En ese momento se recuperó la movilidad de las instituciones que toman la decisión. Técnicamente ya no era importante ni que Stalin permaneciera en Moscú en 1943, ni Hitler en Berlín 1945. Las capitales se podían perder, porque todo el aparato burocrático se podía trasladar, siguiendo funcionando. El gobierno republicano podía salir de Madrid, y Franco no tenía que conquistarlo para controlar al estado en su territorio.

Sin embargo, permaneció la idea de la importancia capital: Aquí no pasarán se gritó en Madrid, defended la patria rusa en Moscú, y el Führer permanece en Berlín. Esa fuerza simbólica con las que se asociaba las capitales era una herencia directa de los siglos anteriores. Se temía la anarquía, el fin del orden estatal, si la capital cayera en las manos del enemigo. Se pensaba que con la conquista de la capital, el gobierno perdería toda su justificación por fracasar en su defensa.
Pero así no pensaron los políticos ni los militares. Conscientes del valor simbólico de las capitales, seguía hasta hoy en día vital conquistar al corazón del enemigo (Bagdad en la guerra del Iraq, Kabul en Afganistán, etc….) aunque los propios estados desde el comienzo de la guerra fría hayan elaborado planes de evacuación de los propios gobiernos e instituciones centrales.
Tanto los Estados Unidos como Moscú evacuaron sus aparatos administrativos en caso de guerra hacia otros lugares seguros, no sería necesario mantener la capital para que el estado siga funcionando.

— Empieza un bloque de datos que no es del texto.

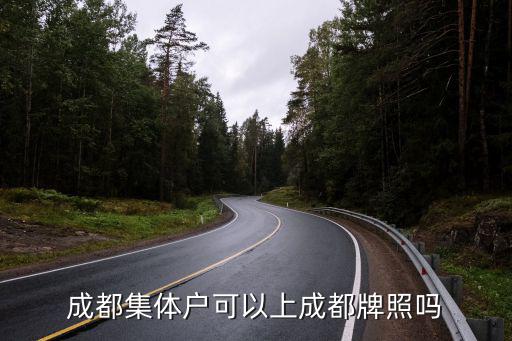 成都集體戶可以上成都牌照嗎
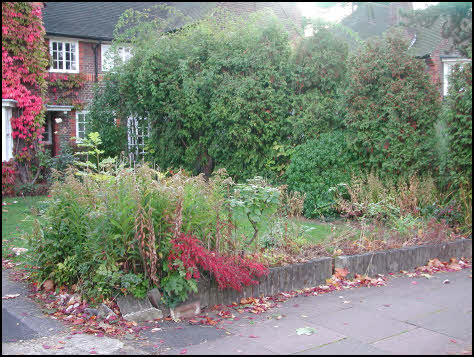 garden design Pinner, Middlesex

Alemania demostró la aparente paradoja: No era ningún problema trasladar la capital de Berlín a Bonn en 1949 ni de vuelta en 1991, incluso la actual Unión Europea puede permitirse el “lujo” de dos capitales (Bruselas y Estrasburgo), porque el sistema de comunicación les permite una movilidad, como ni en sueños se lo hubiera imaginado Felipe II.

Ahora: Termino la importancia de las capitales con el comienzo del siglo XXI, cuando toda la información se puede guardar y almacenar de forma virtual? Son los servidores y los cables de conexión las nuevas capitales que se debería defender en caso de guerra? O es posible, que la fuerza simbólica de las capitales sigue despierta, capaz de mantener la importancia de la capital? En eso pensé cuando leí un fragmento de Metro 2035, donde se pregunta al protagonista: “Y porque crees que el gobierno de preguerra se hubiera escapado a los bunkers en los Urales? Quienes somos sin vosotros, en Moscú?”